Dear Amy,
What is the story of Ruth really about?
In the days when the judges ruled there was a famine in the land, and a man of Bethlehem in Judah went to sojourn in the country of Moab, he and his wife and his two sons.
But Elimelech, the husband of Naomi, died, and she was left with her two sons. These took Moabite wives; the name of the one was Orpah and the name of the other Ruth. They lived there about ten years, and both Mahlon and Chilion died, so that the woman was left without her two sons and her husband.
― Ruth 1:1, 3-5
A family of four nobodies left Bethlehem to live in Moab to escape a famine, and three of them died. The Moabite wives were also nobodies⸺notice that they don’t even merit a mention in the description of Naomi’s desolation.
Naomi tried to send away both daughters-in-law, and Orpah went. Of course she did. There was nothing to be gained by staying with a bitter old woman. By returning to her own family she would be OK.
And so would Ruth, except that she refused to go.
But Ruth said, “Do not urge me to leave you or to return from following you. For where you go I will go, and where you lodge I will lodge. Your people shall be my people, and your God my God. Where you die I will die, and there will I be buried. May the LORD do so to me and more also if anything but death parts me from you.”
― Ruth 1:16-17
What astonishing commitment. Where did that come from? And what is it that this story is actually all about? Here’s what: it is all about kindness, and when kindness meets kindness.

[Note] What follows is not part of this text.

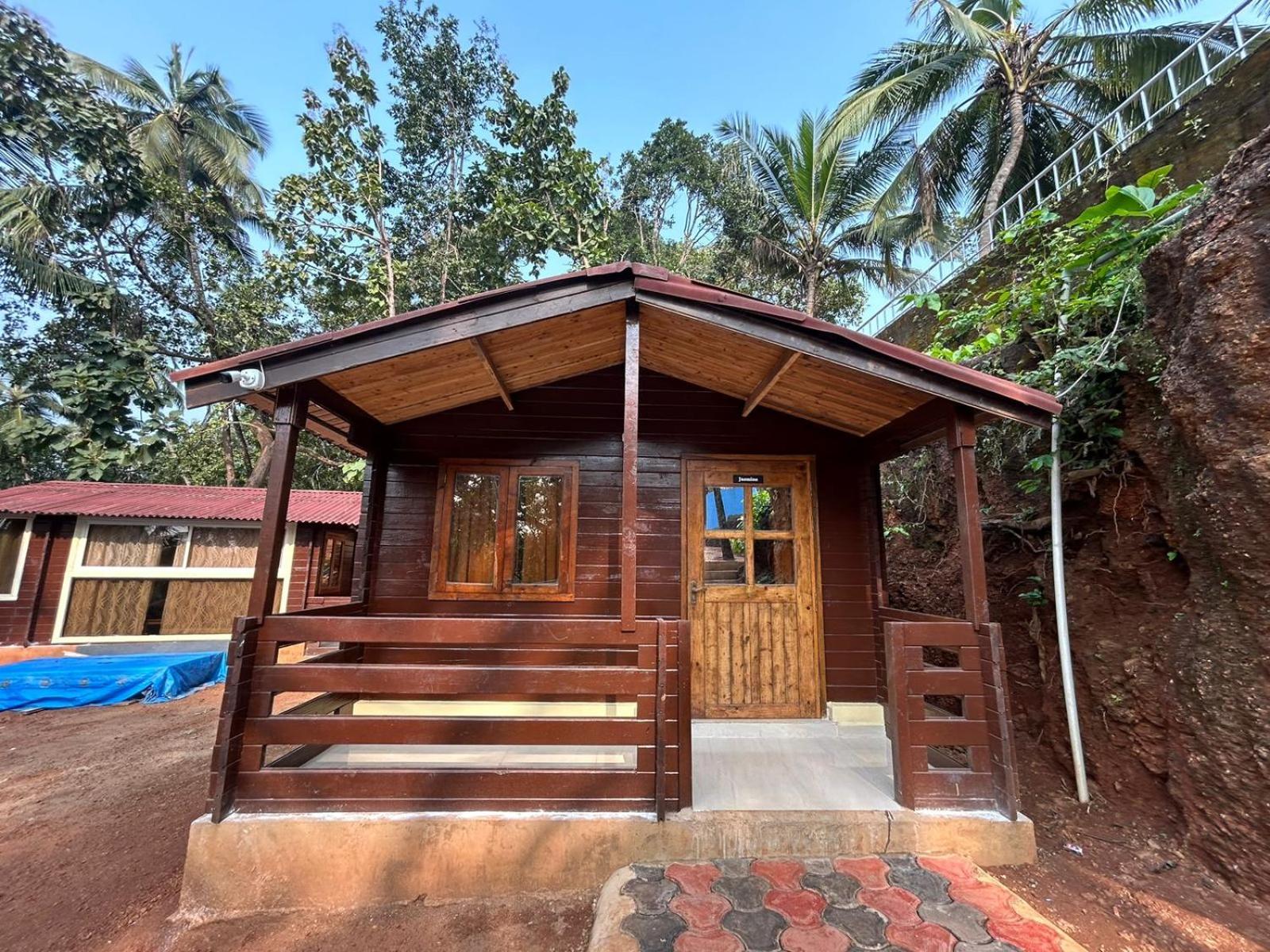 Mountain Breeze Wooden Cottages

Of course Ruth would have been OK if she had returned to her own family. Her future prospects with Naomi however were much less certain, but there was something that she could see with crystal clarity: Naomi herself was not OK, nor would she be. She had become a bitter old woman blaming the Lord for her own misfortune, and in danger of ending her days in bitterness, misery, and isolation.

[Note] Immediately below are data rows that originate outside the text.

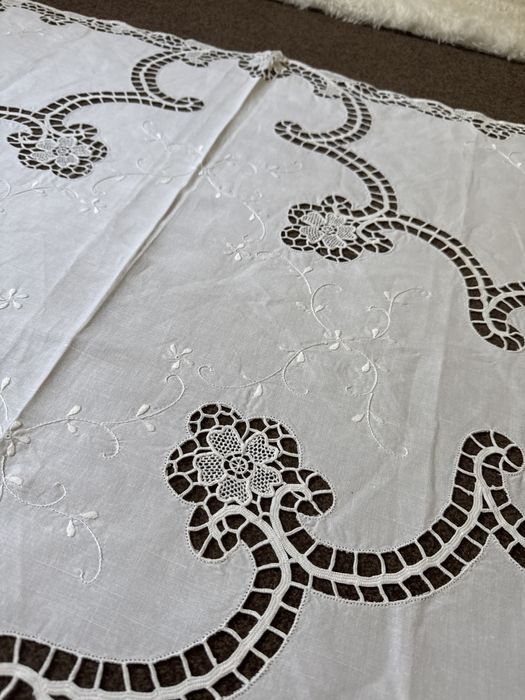 Obrus  kołkowy ręcznie wyszywany rękodzieło do kolekcji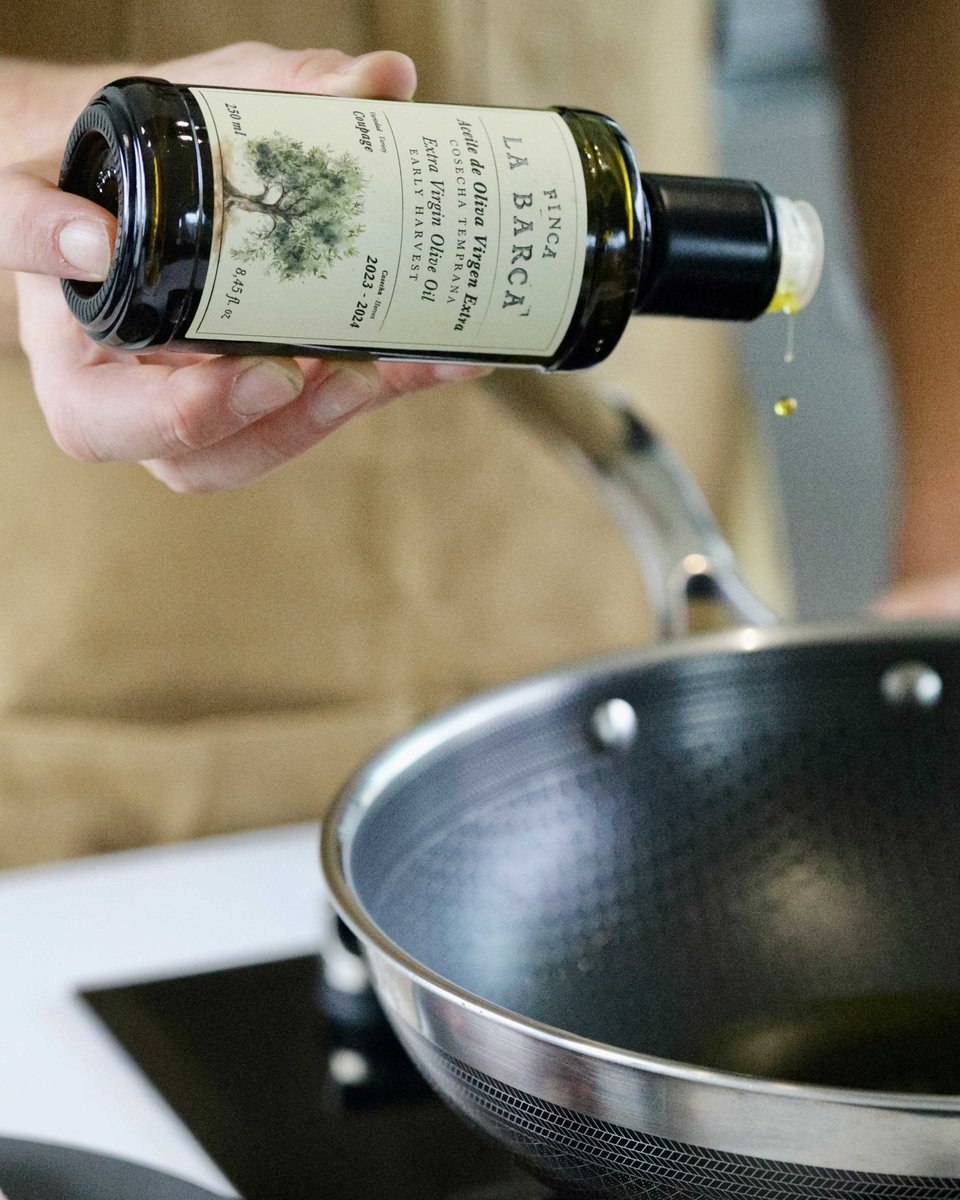FincaLaBarca1's tweet photo. ¡Aporta sabor a tus mejores comidas con nuestro espectacular AOVE Cosecha Temprana Finca La Barca!
-
Add some taste to your best meals with our spectacular Finca La Barca Early Harvest EVOO!
#FincaLaBarca #AOVE #EVOO #SpanishFood #gourmet https://t.co/y8D7GL5gVb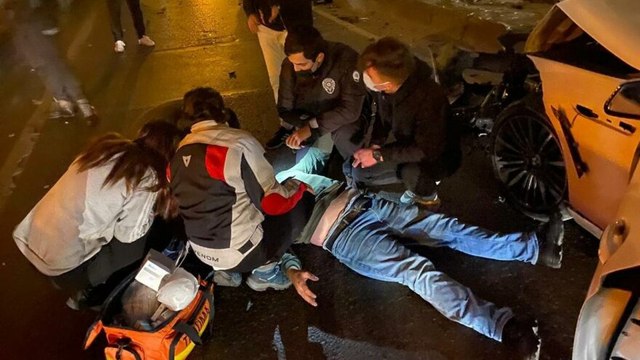 İstanbul’un göbeğinde feci “makas” kazası kamerada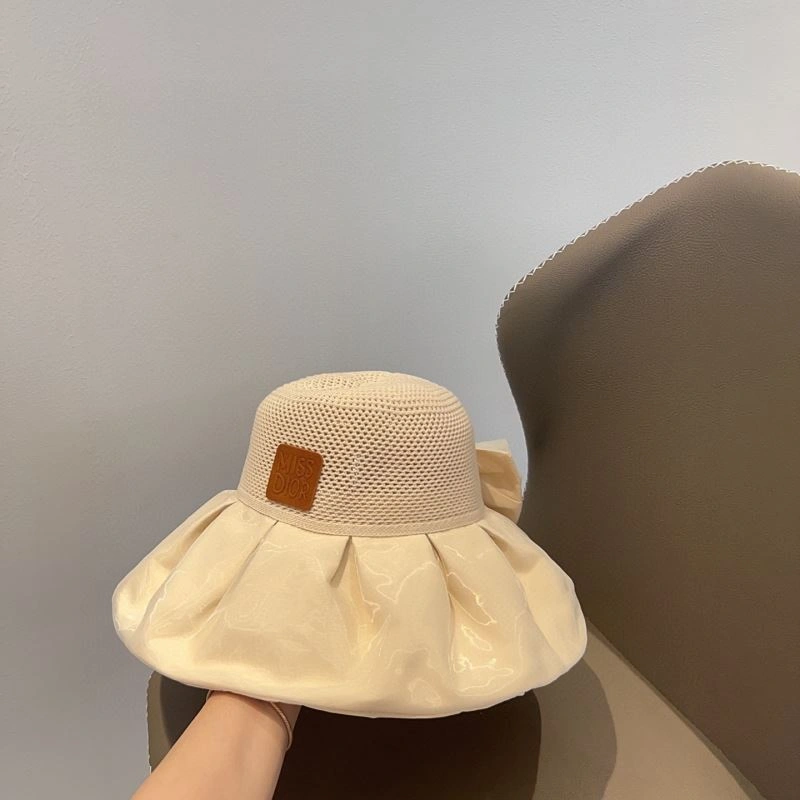 Christian Dior Caps Trendsetting 259313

Notice that Ruth did not explain her act of kindness to Naomi. How patronising it would have been if she had, if she had admitted that she was staying purely to look after her. Naomi would have been humiliated by this pagan woman. Ruth spared her that. How kind.
And so they returned to Bethlehem where Ruth met Boaz, a kind man with a big heart. He protected and provided for this foreign woman who had no status, who was so vulnerable, because he himself was kind and because he saw her own kindness.

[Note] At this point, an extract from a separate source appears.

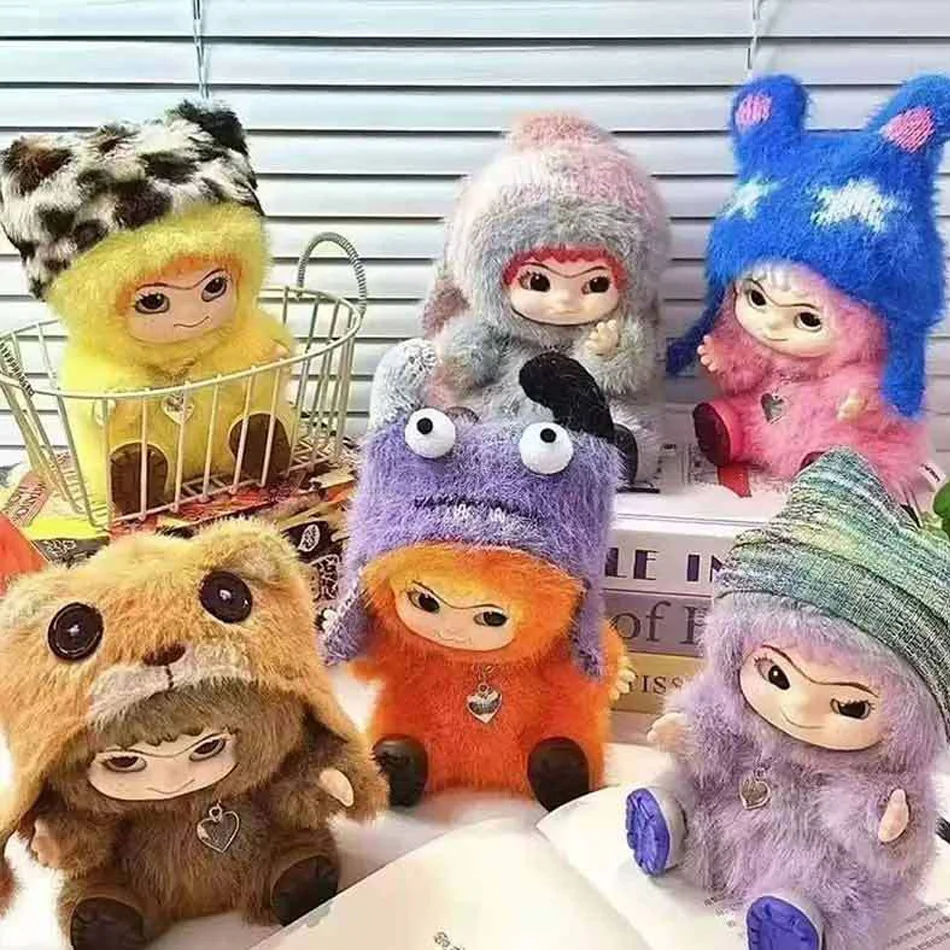Bonito wakuku fuzzy na moda diversão festa caixa cega wakuku figura de ação caixa cega bonito boneca saco pingente boneca surpresa saco presentes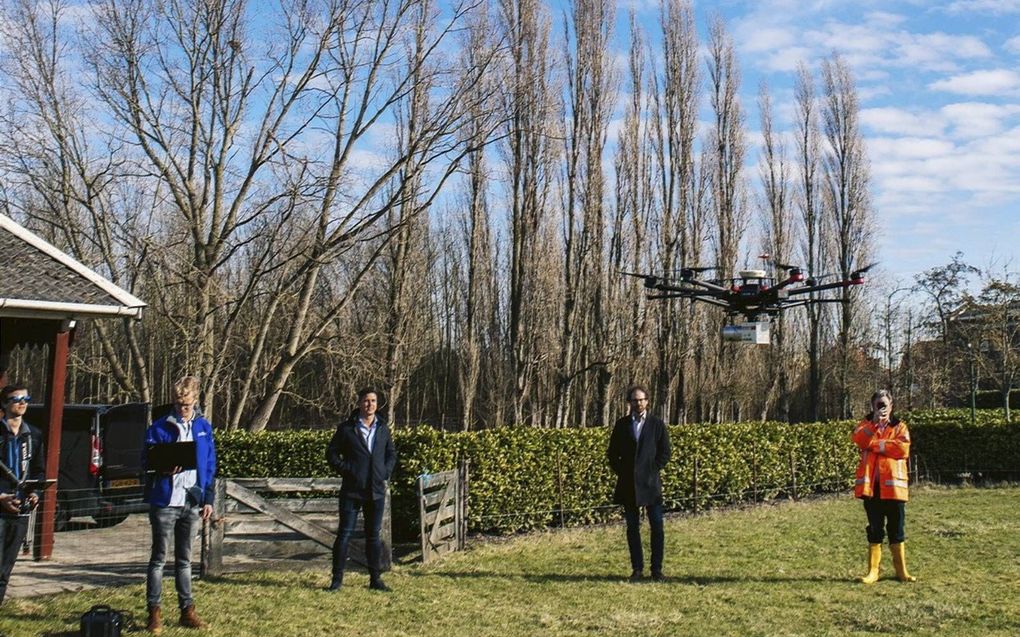 Bij het kasteel in het Zeeuwse Sint-Maartensdijk vonden woensdag dronevluchten met de nieuwe Lidar-technologie plaats. beeld Timek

Then she fell on her face, bowing to the ground, and said to him, “Why have I found favour in your eyes, that you should take notice of me, since I am a foreigner?” But Boaz answered her, “All that you have done for your mother-in-law since the death of your husband has been fully told to me, and how you left your father and mother and your native land and came to a people that you did not know before.
― Ruth 2:10-11
Boaz knew just how rare and precious was this kindness. He had found someone with a kind heart like his own, albeit a foreigner without status and without prospects, and he cherished her.
Notice just how kind Boaz was himself.
Then Boaz said to Ruth, “Now, listen, my daughter, do not go to glean in another field or leave this one, but keep close to my young women. Let your eyes be on the field that they are reaping, and go after them. Have I not charged the young men not to touch you? And when you are thirsty, go to the vessels and drink what the young men have drawn.”
When she rose to glean, Boaz instructed his young men, saying, “Let her glean even among the sheaves, and do not reproach her. And also pull out some from the bundles for her and leave it for her to glean, and do not rebuke her.”
― Ruth 2:8-9, 15-16
Kindness had met kindness.
Let us not overlook just how vulnerable Ruth was, and how perilous her situation had been until now.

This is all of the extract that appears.